Chapter 1 of Generous Justice starts with, what was for me, a new understanding of righteousness. One that is revolutionary to how we read the Bible. Keller talks about how “righteousness” in the Bible means living in a right relationship with God and with our fellow humans. Righteousness is not simply following a set of rules and commandments, but a way of life. It is a way of living that should invade and seep into every area of life.
How differently might we live our lives if we begin to read ‘righteousness’ in this new light? No longer is our “10%” good enough, our year end donations for tax credit seem like a cop-out. Keller says, “In the Scripture, gifts to the poor are called ‘acts of righteousness,’ as in Matthew 6:1-2.” Therefore, according to Keller, not giving to the poor is an act of “unrighteousness, a violation of God’s law.” How would we view the homeless man we pass on the street if we thought that just walking by and ignoring him would be a violation of God’s law, and an act of unrighteousness?
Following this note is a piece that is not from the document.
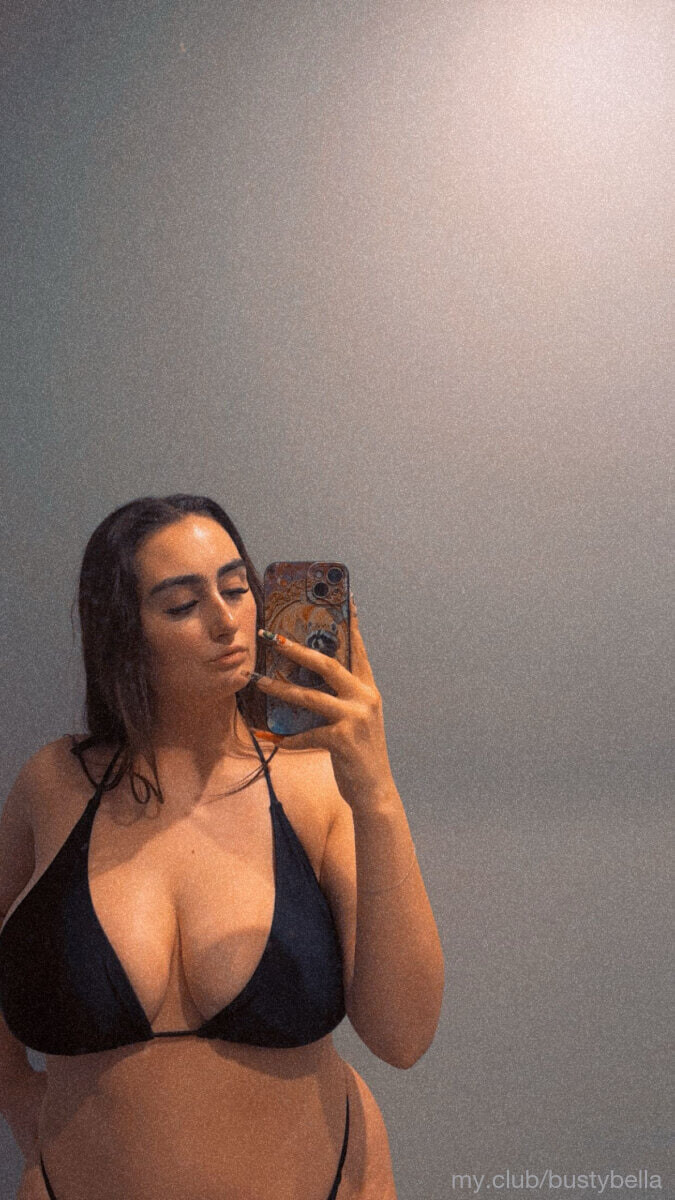Busty Bella Free Photos #19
Now I understand we can’t help every person we see in need every day (for some in big cities you might never make it from the subway to your office). But I think this should make us stop and evaluate how we are spending our time, money, and resources to help those around us. Maybe the money you have been saving up for that nice new car could be used instead to help feed, clothe, and shelter a family in need. What a greater reward that would be, rather than a new car or the latest smart phone.
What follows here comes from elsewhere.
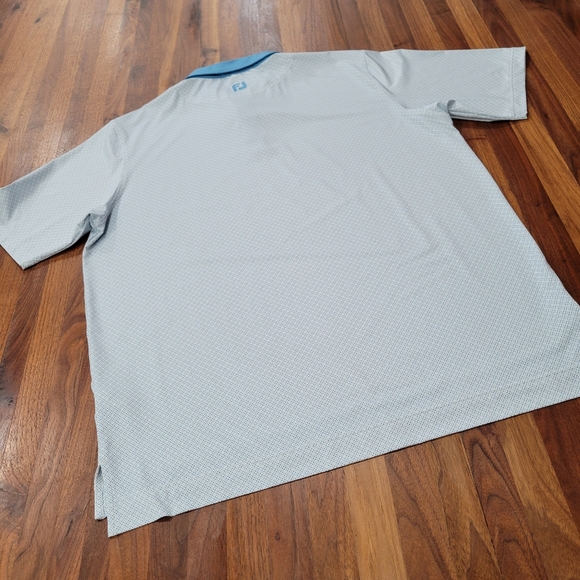 Footjoy Golf 3 Button Placket Polo Logo on Back Embroidered Sleeve XL - Picture 2 of 12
Reading through this chapter was tough for me. Not because Keller used big words or the concepts were particularly hard to understand, but because the ideas cut me to my core. How many times had I frivolously spent money on something I didn’t need or felt a nudge to offer dinner to someone on the street and ignored them? More times than I care to admit. The worst part is, I had not even gotten to the most convicting part of the chapter yet…
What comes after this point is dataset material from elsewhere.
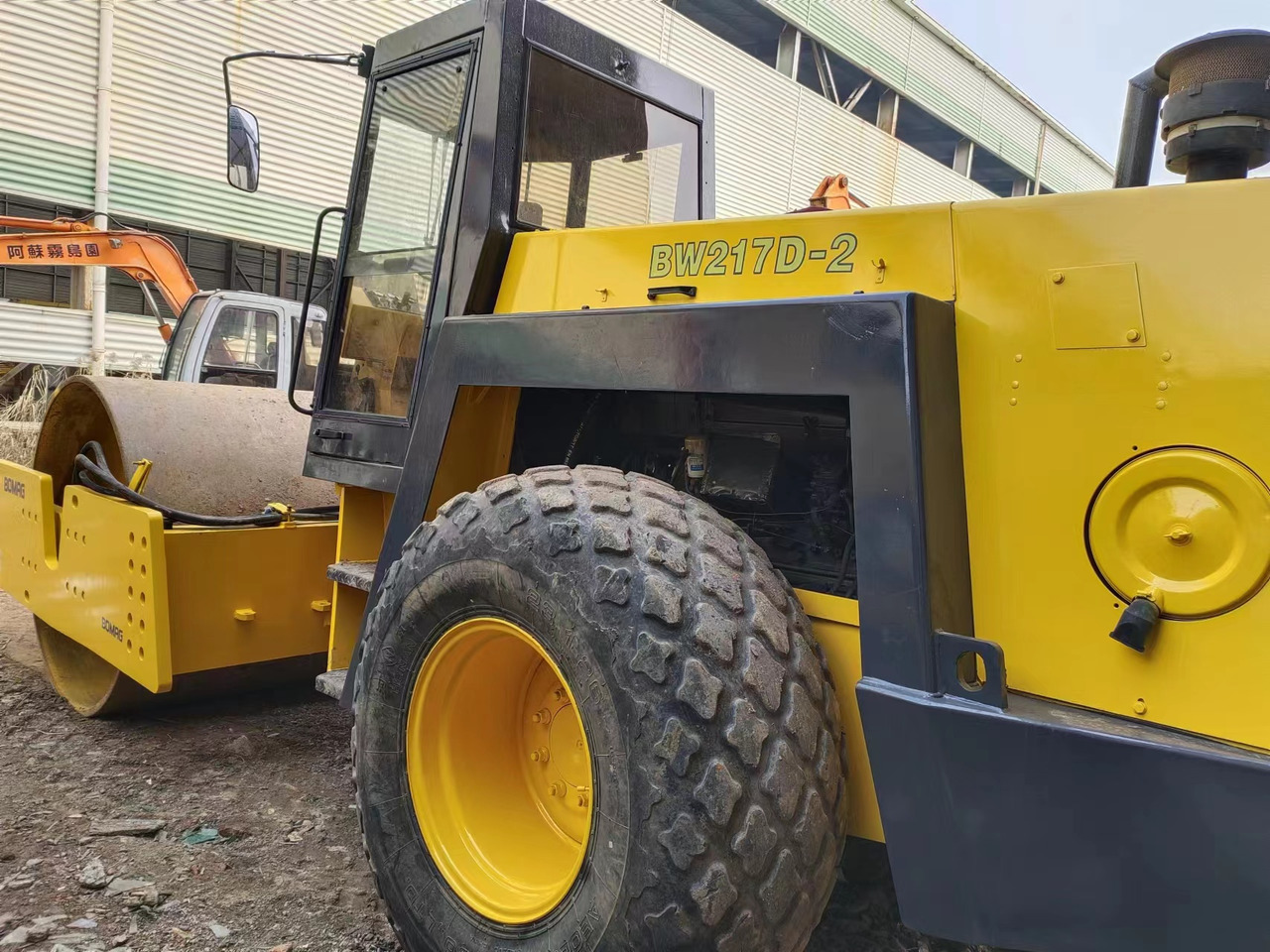 Компактор BOMAG BW217D-2: слика 6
In the final part of the chapter, Keller quotes the following passage from Ezekiel 18:7: “He does not commit robbery but gives his food to the hungry and provides clothing for the naked.” Keller points out that in this passage, the text compares not providing food to the hungry and clothing to the naked as robbery. Robbery! The Bible tells us, and I’m sure we have heard it over and over in sermons that what we have is not our own, but God’s. Yet over and over again we treat it as our own. We treat it as though, no matter how hard we have worked for it, we have somehow earned it without God’s grace. Who are we to judge who is worthy of our help? Were we not rescued from the depths and depravity of our own sin when we deserved nothing more than damnation?
It so easy for us to try and separate our spiritual lives with our physical lives. We don’t want to go out of our way to help people we don’t know or might feel uncomfortable around. We like spending money on ourselves, not so much on the stranger in need. We too often want to see spiritual and physical lives as completely different things, when really the living of our physical lives should mirror our spiritual lives. I think Keller sums it up best when he says, “Nevertheless, if you are trying to live a life in accordance with the Bible, the concept and call to justice are inescapable. We do justice when we give all human beings their due as creations of God.”